Comment, dès lors, comprendre ce détachement ou ce regard hostile des catholiques vis-à-vis de la politique ? La politique s’est-elle salie ? Son exercice est-il voué à l’impasse en tant qu’il implique des dilemmes moraux, de fortes tensions et, in fine, une nécessaire conflictualité ? C’est l’analyse de l’auteur. Hélas, il occulte le projet politique consistant justement à asseoir l’apathie politique1.

Les chrétiens doivent pouvoir parler à leur manière à la société dans laquelle ils sont. 

Depuis quarante ans, en effet, le consensus néolibéral privatise, dérégule et rend indépendant du politique une partie croissante de l’action publique – la faisant dépendre d’institutions ou de critères extérieurs au champ politique.

En réponse, un deuxième temps de l’ouvrage rappelle les fondements proposés par l’Évangile et la doctrine sociale de l’Église pour l’engagement politique : l’amour comme principe gouvernant les relations sociales, la responsabilité de chacun dans ses interactions avec la communauté et le souci de « chacun de ces petits qui sont mes frères ». L’auteur souligne qu’« il n’y a pas de vérité chrétienne en politique. (…) Il n’y a que des chrétiens en politique, qui doivent pouvoir parler à leur manière à la société dans laquelle ils sont. »

Principes directeurs

C’est dans un troisième et dernier temps que se situe véritablement le cœur de l’ouvrage. Pierre de Charentenay y décrit avec lucidité les pièges de l’engagement politique : la perte de liberté que peut entraîner l’adhésion à un parti ou une idéologie, la griserie de la notoriété ou encore l’emprise de l’engagement au détriment de la foi.

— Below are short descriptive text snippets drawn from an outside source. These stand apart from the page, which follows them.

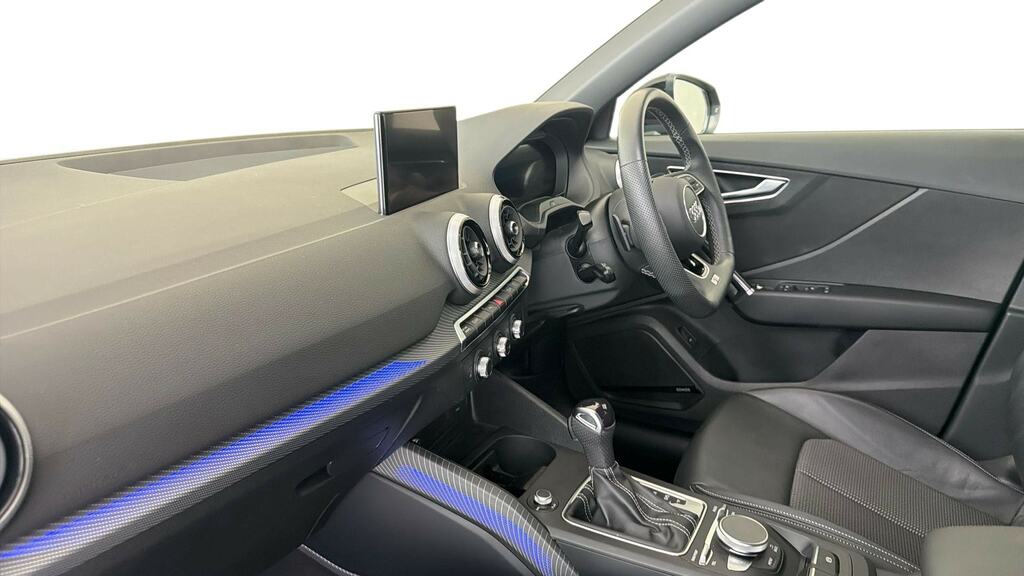 Audi Q2 35 Tfsi Black Edition S Tronic Tech EN73PZR Blue #2
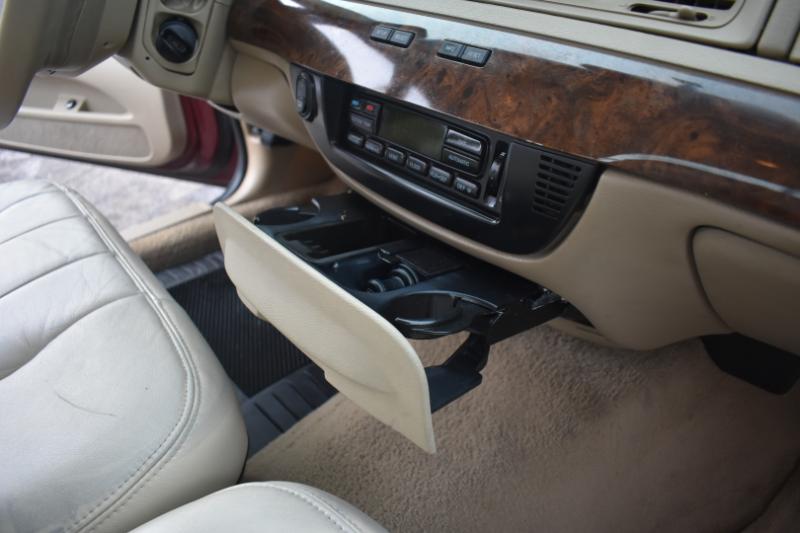 Mercury Grand Marquis 4dr Sdn LS 2009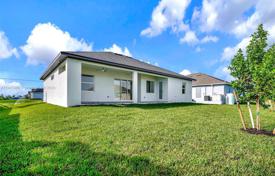 Maison en ville – Cape Coral, Floride, Etats-Unis. $419,000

En chrétien, l’auteur appelle à beaucoup d’humilité et de liberté, et suggère quelques principes : l’exigence du long terme, le lien avec les « gens d’en bas » autant que ceux d’en haut, le sens de la loi, le souci des pauvres et de notre planète.

L’engagement dans la cité est un mouvement progressif davantage qu’une décision ponctuelle.

Pour autant, il ne s’attarde guère sur les dilemmes moraux entre éthique de conviction et éthique de responsabilité, et les ajustements souvent nécessaires de l’une avec l’autre. Un visionnage de la série Baron noir compléterait utilement la lecture, la fiction télévisée illustrant assez bien cette tension : quand un adversaire politique risque d’empêcher une mesure qui leur semble vitale, les personnages hésitent entre la fidélité à leurs principes, leurs convictions et leur responsabilité de faire advenir le projet politique pour lequel ils ont été élus.

Pierre de Charentenay conclut par une invitation au discernement avant toute « entrée en politique », assimilée à un grand saut. Il nous semble néanmoins que l’engagement dans la cité est un mouvement progressif davantage qu’une décision ponctuelle. De multiples engagements associatifs peuvent revêtir des aspects politiques et être ainsi sujets aux pièges décrits dans l’ouvrage. Ces expériences constituent, malgré tout, des paliers susceptibles de nourrir la réflexion : avons-nous la capacité et le goût d’entrer en politique ? Envisageons-nous cet engagement comme un service ?

Certaines craintes disparaissent à l’épreuve de l’engagement, qui ouvre des perspectives nouvelles que nos propres préjugés sociaux nous interdisaient. Ces questionnements conduisent à mûrir la décision d’une prise de responsabilité plus large, d’une adhésion à un parti ou d’une candidature à une élection. La démarche de discernement ici proposée ne s’adresse pas seulement aux personnes interrogeant leur vocation politique. Elle acquiert sa pertinence tout au long du chemin de l’engagement.

1 Cf. Grégoire Chamayou, La société ingouvernable. Une généalogie du libéralisme autoritaire, La fabrique, 2018.